Memory Management in Game Engines: What I’ve Learned (So Far)



This post is a note-to-self as we figure out what memory management looks like for RendererEngine. It documents what I’ve learned so far — and where I am still unsure.
Why Memory Management Matters in Games
Game development is often about simulating real-world movement — and that means performance really matters. Most games aim to run at 60 FPS, which gives you roughly 16 milliseconds per frame to handle game logic, physics, AI, rendering, and more. That’s not a lot of time and every microsecond counts.
And that’s where memory allocation becomes a big deal. Standard allocation approaches can introduce performance problems that are unacceptable in real-time applications.
GameObject* enemy = new GameObject();
// ... game logic ...
delete enemy;
The standard new
and delete
call the system heap allocators like malloc
under the hood and these heap allocators are mostly designed for safety not speed, Unlike malloc
, new doesn't just give you memory, it initializes the object too (via constructor calls), that adds a performance cost.
Well, you can fix this by using malloc
but you still risk memory fragmentation which will slow down future allocation still. And in game dev, you don’t have time to spare, or memory to waste either.
After researching various approaches, I've found several strategies, each with distinct advantages and disadvantages:
- Memory Arenas Memory arenas involve allocating a large block upfront and then managing allocations within that space.
Pros:
- Fast allocation (often just a pointer increment)

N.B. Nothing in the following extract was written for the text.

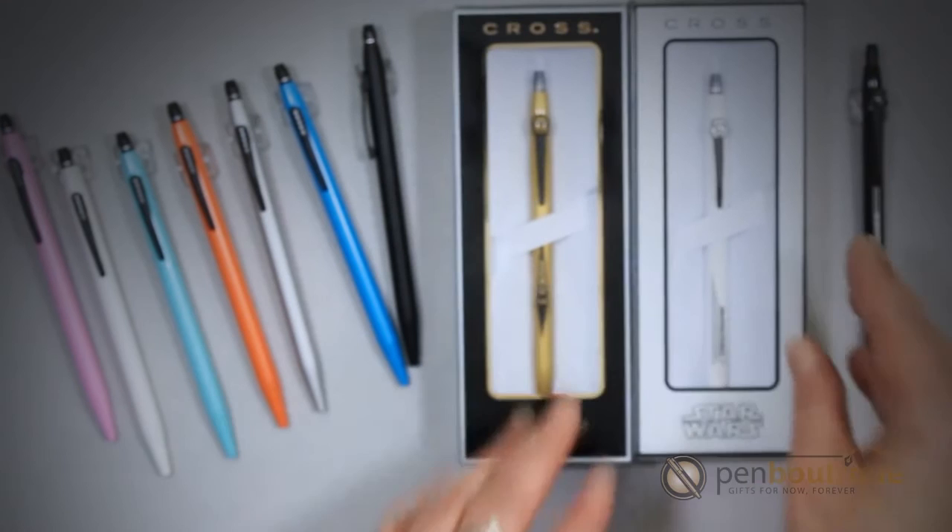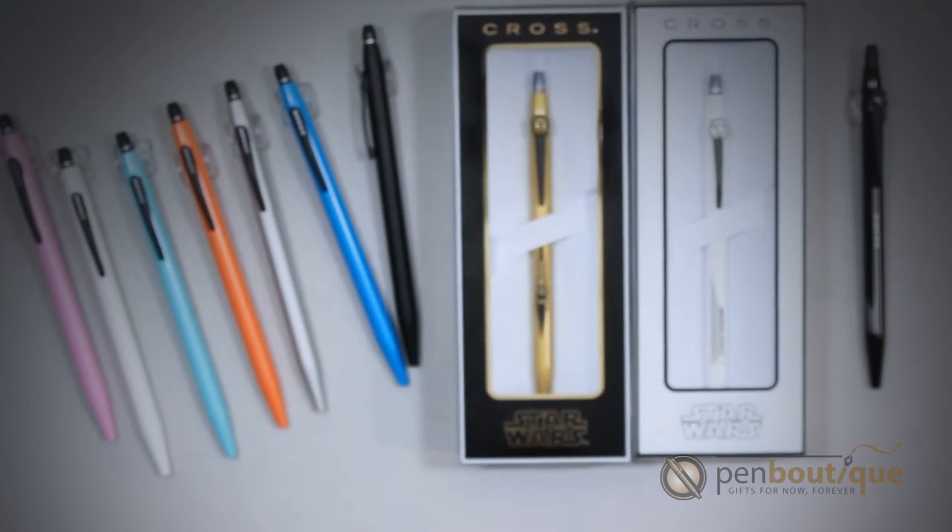These are a great Christmas gift, especially with the new movie coming out shortly. If you have any questions or you'd like to place an order, please give us a call at 1-800-263-2736. Happy writing with your new Star Wars clicks. Thank you.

- No fragmentation within the arena
- Simple implementation
Cons:
- Objects with different lifetimes share the same arena, which can waste memory
- Doesn't work well with varying object sizes
- Usually requires manual destruction of objects
- Object Pools Object pools pre-allocate fixed-size objects of the same type.
Pros:
- Very fast allocation and deallocation
- No fragmentation
- Excellent for frequently allocated/deallocated objects of the same type
Cons:
- Fixed object size limits flexibility
- Can waste memory if pool is too large
- Requires knowing object types and counts beforehand
- Free Lists Free lists track available memory blocks for reuse.
Pros:
- Reuses memory efficiently
- Can handle varied allocation sizes
- Reduces fragmentation compared to general allocators
Cons:
- More complex implementation
- Still susceptible to some fragmentation
- Slower than pools or arenas
- Custom Allocators Building purpose-specific allocators for different subsystems.
Pros:
- Optimized for specific use patterns
- Can be tuned for performance or memory efficiency
- More control over memory usage
Cons:
- Significantly more complex to implement and maintain
- Different systems may need different allocators
- Requires deep understanding of memory usage patterns
When to Use What: My Current Mapping
Strategy | Best Used For | How to Use It |
---|---|---|
Arena | Per-frame temporary data | Allocate a large block at init; bump pointer per allocation; reset each frame |
Object Pool | Repeated small, fixed-size objects | Preallocate pool of reusable objects; recycle via free list |
Free List | Varied-size, dynamic allocations | Manage a reusable set of free memory blocks; reuse freed memory |
Custom Allocator | Specialized subsystems (scripting, audio) | Tailor behavior to specific allocation patterns; use where performance-critical |
Virtual Memory | Large dynamic systems (e.g., asset streaming) | Reserve large virtual space; commit physical memory on demand |
Current Implementation in RendererEngine
Currently, RendererEngine uses a hybrid approach combining arena allocation and pool allocation:
// Simplified example of our current approach
struct ArenaAllocator {
void* Allocate(size_t size);
void Clear();
uint8_t* m_memory;
size_t m_current_offset;
};
struct PoolAllocator {
void* Allocate();
void Free(void* ptr);
PoolFreeNode* head;
size_t chunk_size;
};
// Temporary arena for frame allocations
struct ArenaTemp {
ArenaAllocator* Arena;
size_t SavedOffset;
};
ArenaTemp BeginTempArena(ArenaAllocator* arena);
void EndTempArena(ArenaTemp temp);
We initialize a global arena at startup, then create subsystem-specific pools and sub-arenas. This gives fast per-frame allocation without fragmentation, reuse of memory across frames and simplified reset semantics
But there are still big gaps to resolve:
- What to do when an arena runs out mid-frame
- How to size memory pools to avoid both under- and over-allocation
Key Questions I'm Still Wrestling With
- Memory Reservation Strategy
- Should I preallocate a fixed-size region?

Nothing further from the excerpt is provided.